■ Task statement ■
Exactly the lines from the one with "Used 2022 Jeep" through the final line of the entries, and nothing else, should appear in the answer; no pictures go in it.
****
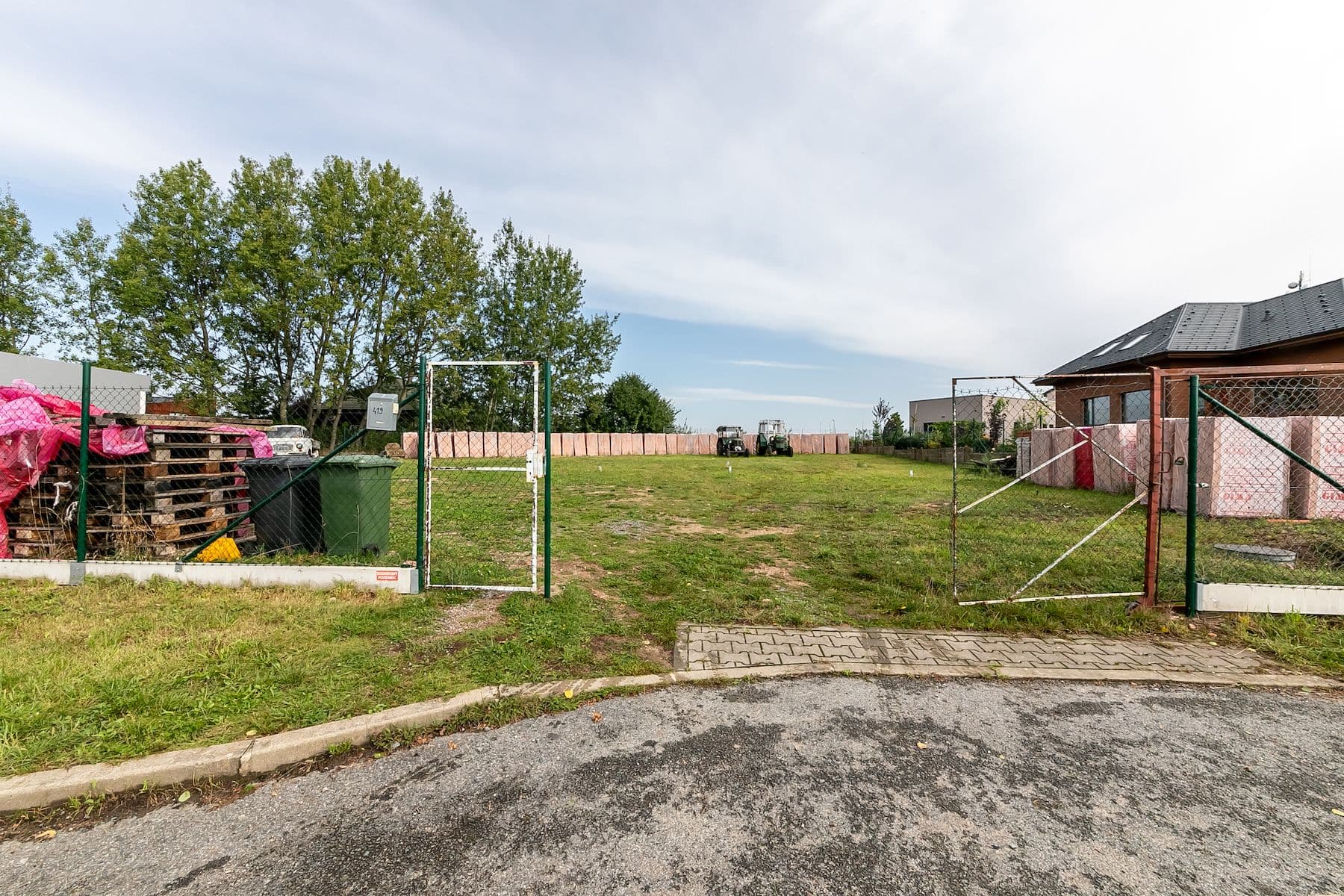 Prodej pozemku 1.506 m², Jevany, Středočeský kraj Prodej pozemku 1.506 m², Jevany, Středočeský kraj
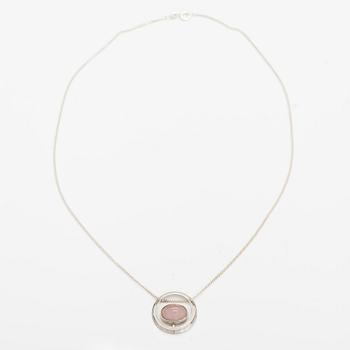 A silver necklace with a rose quartz. Martti Viikinniemi, Heinola 1960's.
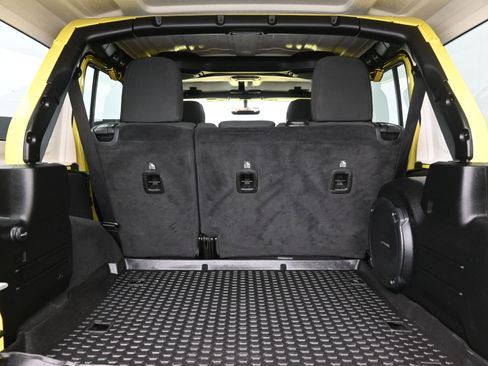 Used 2022 Jeep Wrangler Unlimited Sport image 7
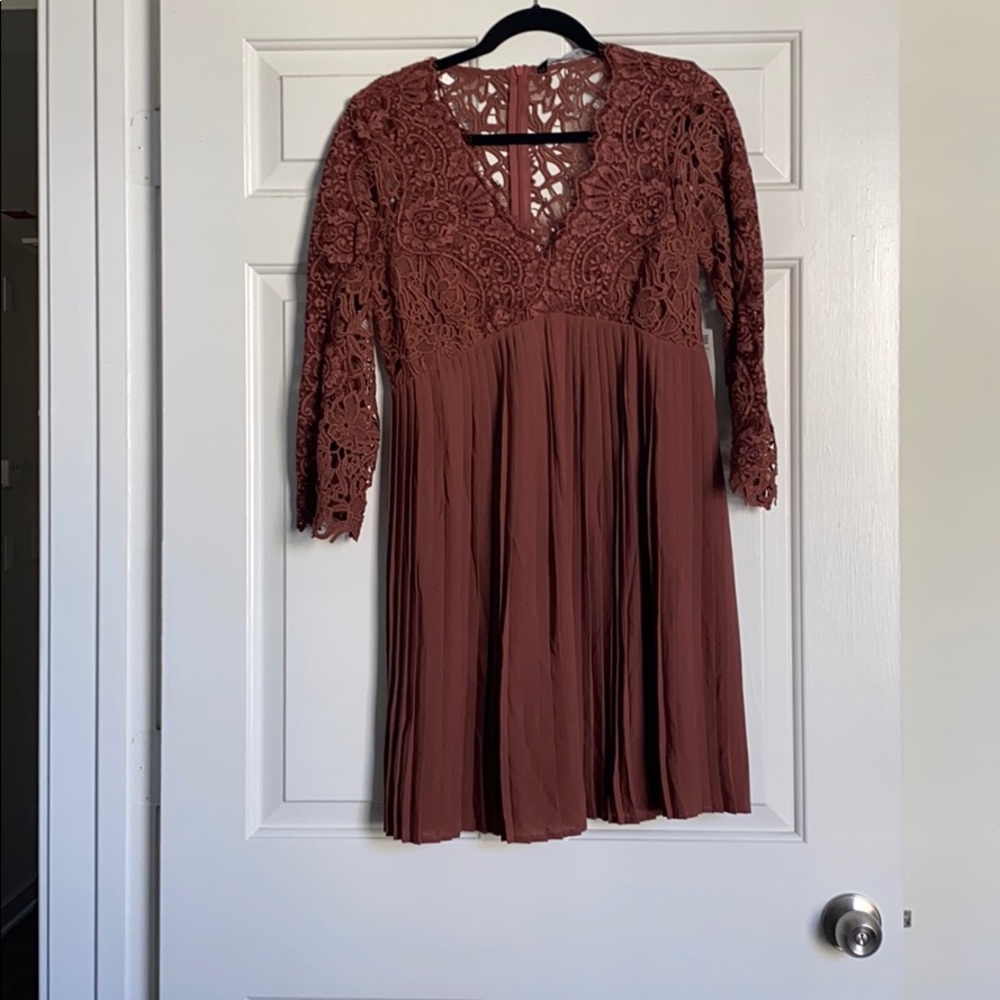 Lace dress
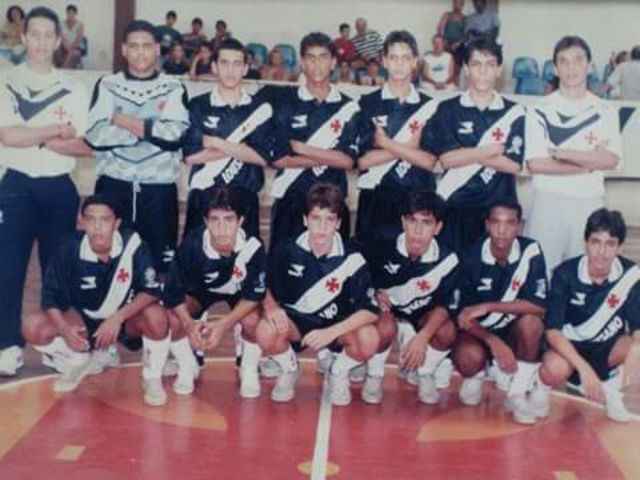 Zé Ricardo (último em pé da E para a D) foi técnico do futsal do Vasco em 1993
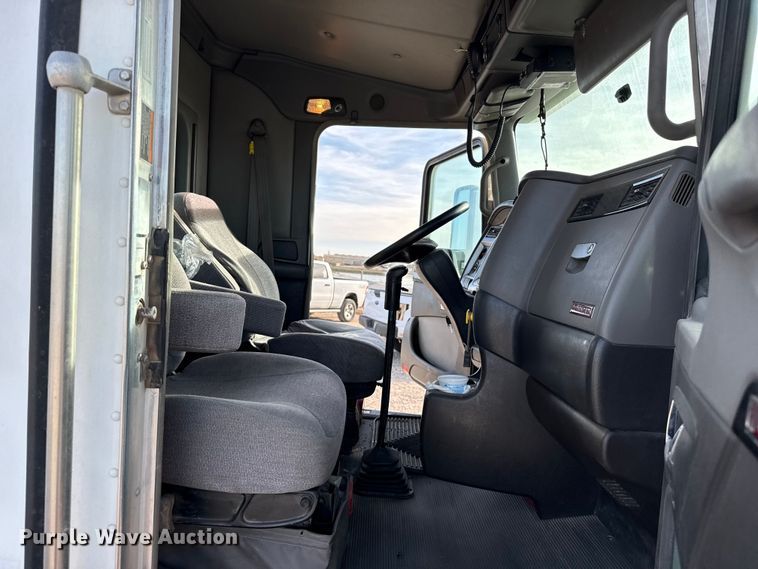 image for item DZ5414 2016 Kenworth T800 truck cab and chassis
****
■ Written answer ■
 Used 2022 Jeep Wrangler Unlimited Sport image 7
 Lace dress
 Zé Ricardo (último em pé da E para a D) foi técnico do futsal do Vasco em 1993
 image for item DZ5414 2016 Kenworth T800 truck cab and chassis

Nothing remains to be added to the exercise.